Sunday, January 15th, 2006

More on social features/ Google group

Thanks for all the comments on my last post. It’s thrilling to see so much passion and intelligence applied to these issues. I’d like to experiement with continuing this and other deeper conversation at the recently-created LibraryThing group on Google Groups ( ).

I’m still making up my mind about this group. In the long term I’d like the conversations to happen on a LibraryThing forum, and until then I still enjoy the blog-comments model, despite its drawbacks. But I’m game to see how this might work in a forum. You can, of course, continue to post on the blog too.

Here’s my kickoff message there:

Many of them seem to have feared that LibraryThing was in fact going to veer into Friendster-style social software. Nothing could be further from the truth! I am of the opinion that LibraryThing must always be a great way to catalog books, whether a user wants to catalog everything or just keep track of their reading list. The social aspects must be rooted in this.

Just because they’re rooted does not mean that the social aspects are unimportant or even—I would argue—secondary. Lots of LibraryThing’s features are “social” without being Friendster-ish. Over 2,000 bloggers have mentioned the site, most inviting friends to come look at their collection. By contrast, the Mac based cataloging application and cheek-pinching darling of the technology press, Delicious Monster, has less than 40% as many mentions during a longer period. Why? Because it’s no fun talking about something nobody else can see! Among these bloggers over 650 have added a LibraryThing widget to their sidebar. And all you guys—even if you argued against social features, took the time to post a message on the LibraryThing blog. These are social uses.
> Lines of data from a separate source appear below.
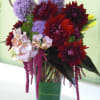 Mixed bouquet in a clear glass vase with purple, red, and white flowers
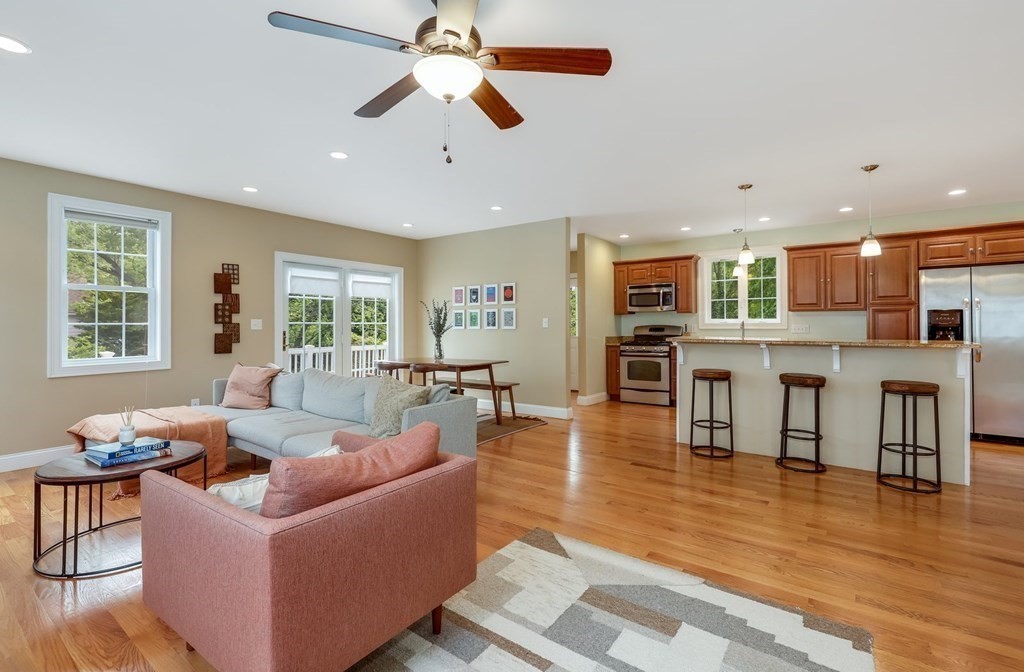 10 Maple Way Wakefield, MA 01880 - Photo 6 of 26 a living room with fireplace furniture and a wooden floor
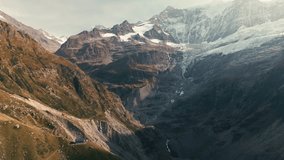 aerial drone footage of Berghaus Baregg with the glacier in the background switzerland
Or take the author or tag pages, a very “rooted” social feature. Without LibraryThing’s social machinery, these would be pretty boring. For recommendations you’d get what Delicious Monster and every other cataloging ap provides—the holy Amazon five. The data people put into LibraryThing opens up all sorts of interesting prospects. Take author disambiguation. You can’t do that on any other service. (And yes, edition disambiguation is on its way.)

I think LibraryThing’s strength lies in the unique combination of social and non-social features. Different users will appreciate different aspects. I know there are users who want nothing more than a cataloging ap, keep their library private and probably never click to find out who else owns their books. On the other end there are impatient people who catalog their ten favorite books, throw them up on their blog and look around for people to discuss them with. To succeed, I think LibraryThing needs to continue to appeal to both types.

I think the solution involves these principles:

  • The book catalog should always be the central metaphor of the site.
  • The site is both useful and fun without any social interaction whatsoever.
  • Users control their social exposure (eg., private libraries, turning comments off).
  • Most social features should emerge from book catalog data, not from photos, locations or non-book interests.
  • Social features should be developed with taste and restraint.*

Thanks once again for thinking through these issues with me.

*The NYT recently had an article about the “eww” factor when Friendster premiered a feature that let you see who had been looking at your profile and when.